| Task prompt |
Exactly as written, retype the listing below, omitting the pictures.

| Exercise data |
• • • •
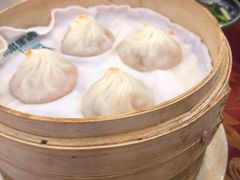 -外滩往事民国上海菜(黄浦店)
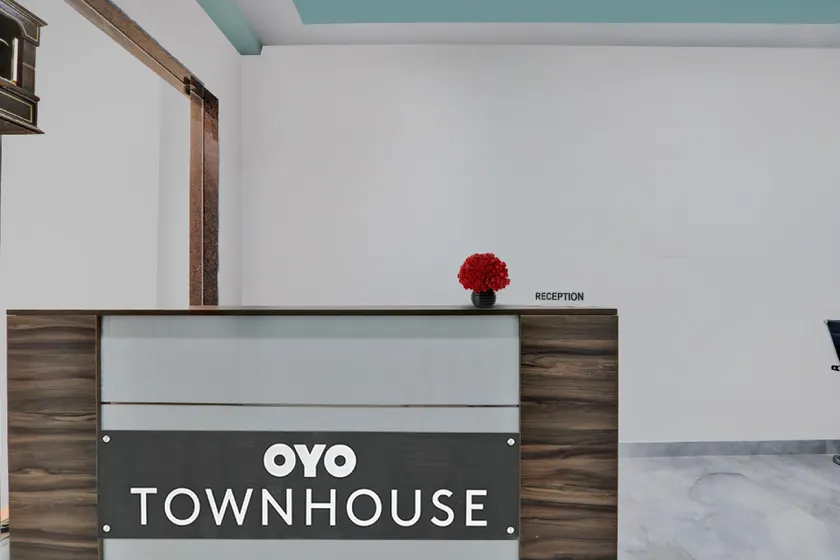 Hotel O Royal Stay - Image 1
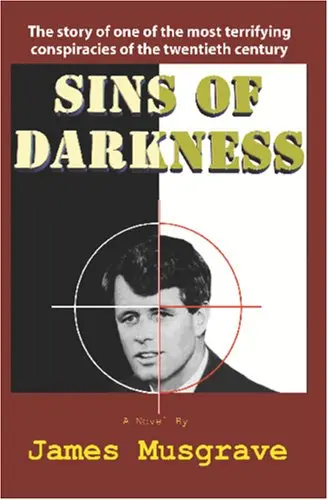 Cover of Sins of Darkness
• • • •
| Answer space |
 -外滩往事民国上海菜(黄浦店)
 Hotel O Royal Stay - Image 1
 Cover of Sins of Darkness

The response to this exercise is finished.